Screenwriter, producer and director

René Balcer (born February 9, 1954) is a Canadian-American television writer, director, producer, and showrunner, as well as a photographer and documentary film-maker.

==Early life==

He was born in Montreal, Quebec, and attended Lower Canada College in Montreal. He studied creative writing at Concordia University under noted Canadian poet Deborah Eibel, and earned his BA magna cum laude in Communication Studies from Concordia in 1978. While a student, he took a six-month lecture-seminar with Jean-Luc Godard and worked as director John Huston's personal assistant during the filming of Angela. He began his media career covering the 1973 Yom Kippur War as a cameraman. He later worked as a reporter, editor and film critic for various Canadian publications including Cinema Canada, and made documentary films at the National Film Board of Canada. In 1980, he moved to Los Angeles, where he collaborated with cult film director Monte Hellman on a number of film projects. He later wrote screenplays for a variety of film producers including Francis Coppola, Lawrence Gordon, Steve Tisch, Michael Gruskoff, Martin Poll and Mace Neufeld. In 1988, he helped adapt Miguel Piñero's play Midnight Moon at the Greasy Spoon for KCRW radio, starring Ed Asner and Peter Falk. In 1989 he wrote his first television project, the movie of the week Out on the Edge which won the American Psychological Association Award of Excellence. This led to writing assignments on other movies of the week and for the series Star Trek: The Next Generation, Capital News, Veronica Clare and Nasty Boys.

==Career==
Balcer is noted for writing and showrunning the television series Law & Order, and for creating and showrunning its spin-off series Law & Order: Criminal Intent. He was hired as staff writer on Law & Orders first season in 1990, becoming showrunner in the show's seventh season in 1996. During his tenure as showrunner, Law & Order won the Emmy for Outstanding Drama Series; became a Top Ten drama in the Nielsen ratings; was syndicated to TNT Network in a deal which at the time was the most expensive off-network series sale ever to cable; received an unprecedented five-season pick-up from NBC; and tied Gunsmoke for longest-running TV drama.

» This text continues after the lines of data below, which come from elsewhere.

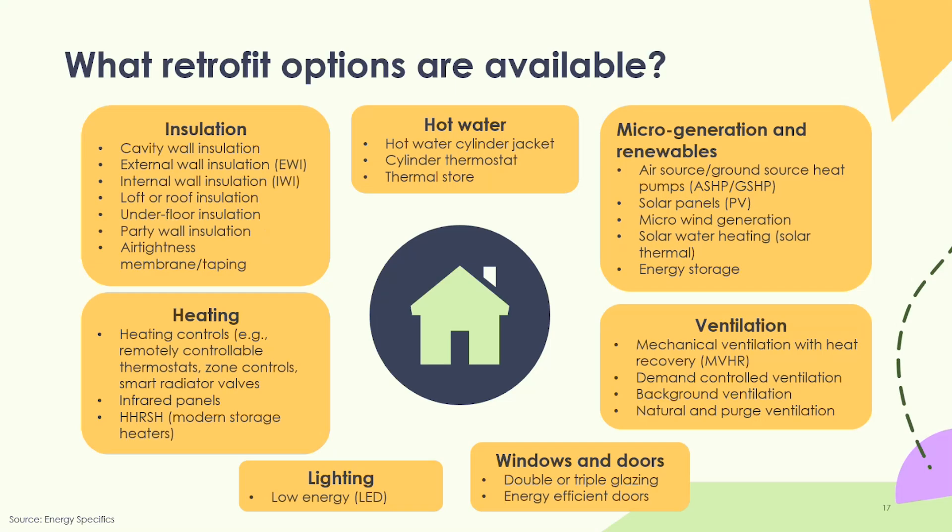Now the question is, what retrofit options are available? These measures have been around for many years. We've got insulation measures: cavity wall, external wall insulation, loft and roof insulation, and increasingly party wall insulation — because if one neighbour keeps a much higher temperature than another, there's heat loss between the two properties, so insulating party walls is critical to thermal performance.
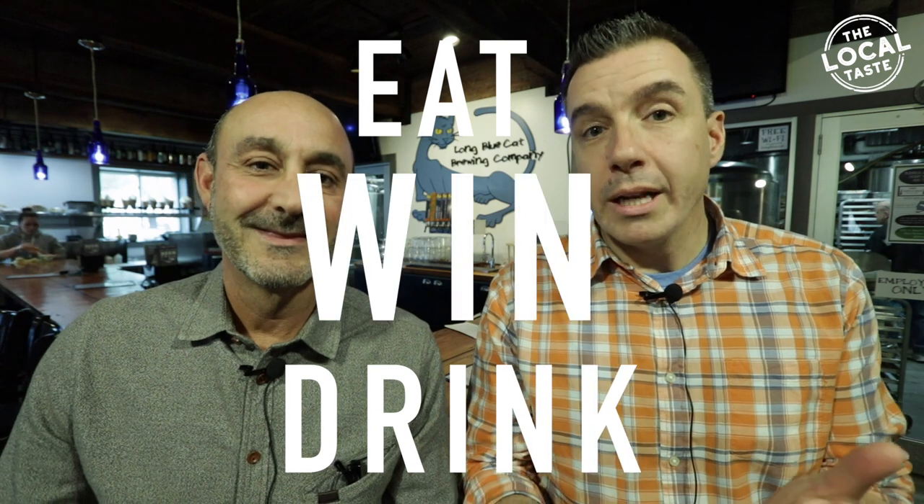Thanks for joining us and welcome to The Local Taste. I'm Mike, and I'm TJ. We're here to help you find new ways to eat local, drink local, and win local.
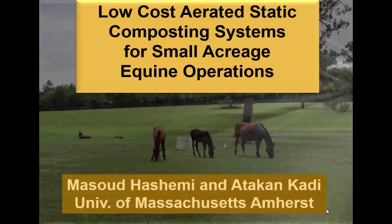My presentation is just a small piece of the large project we have done at two horse facilities — two pilot farms. One of them is the University of Massachusetts horse farm, and the other one is what we call Blue Star Farm, which is a sanctuary for draft horses.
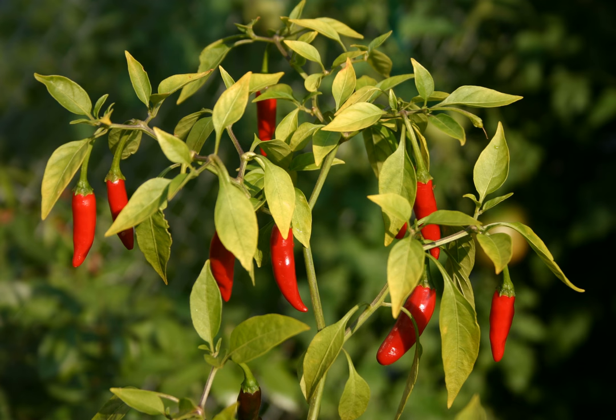Characteristics of the bird's eye chili plant: Plant height up to 2 meters. Stem color green. Leaf color green. Leaf size 3 to 8 centimeters by 2 to 4 centimeters. Fruit color at maturity: green, orange, or red.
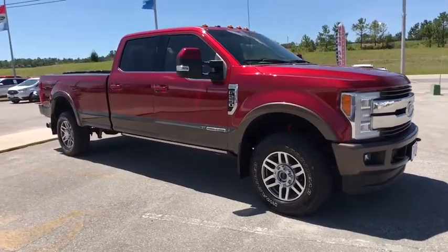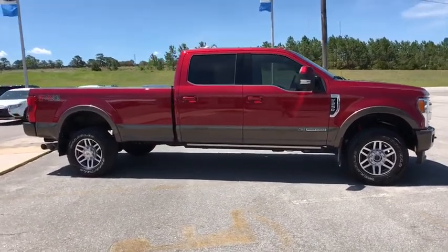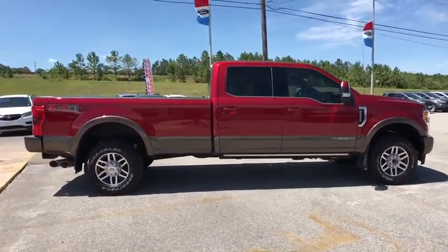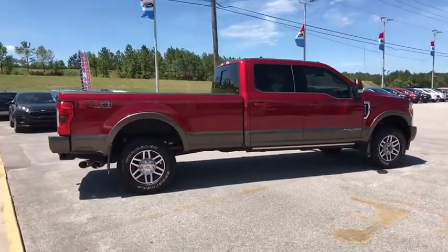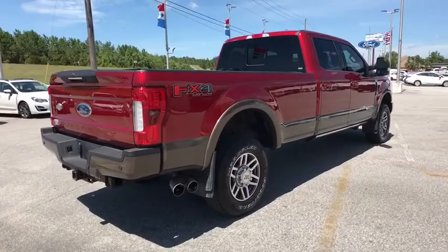Stop by and take a look at the 2017 Ford F-250 Super Duty. Head-to-head fuel efficiency, head-to-head towing, head-to-head torque — Ford F-250 Super Duty. This vehicle has less than 30,000 miles.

Balcer won an Emmy in 1997 as Showrunner and Executive Producer of Law & Order. He has also won a Peabody Award, a Writers Guild of America Award, four Edgar Awards from the Mystery Writers of America (three for his writing for Law & Order, and a fourth for Law & Order: Criminal Intent), a Career Award from the Reims International Television Festival, and a Career Angie Award from the International Mystery Writers Festival.

In writing about legal issues, Balcer has drawn on his own experiences with law enforcement and his first-hand encounter with the brutal application of authoritarian power - at age 16, he was picked up as a suspected FLQ sympathizer during Quebec's October Crisis in 1970 and held overnight in the Montreal Police's infamous Station 10 where he was interrogated and beaten, before being released the next day. That experience, he says, gave him a harsh introduction to the reality lived by many disadvantaged communities.

His work has been recognized outside the entertainment community: in 1999 and 2000, he received the Silver Gavel Award from the American Bar Association for his Law & Order episodes "DWB" and "Hate"; in 2004, he received a Margaret Sanger Award from Planned Parenthood for his Law & Order: Criminal Intent episode "The Third Horseman"; in 2010, he received the Champion of Justice award from the Washington-based Alliance for Justice, for his work on the Law & Order episode "Memo from the Dark Side". In 2004, he was awarded the Alumnus of the Year from Concordia University. On November 17, 2008, he received an honorary Doctorate of Laws (LLD) from Concordia at their fall convocation and delivered the Commencement Address.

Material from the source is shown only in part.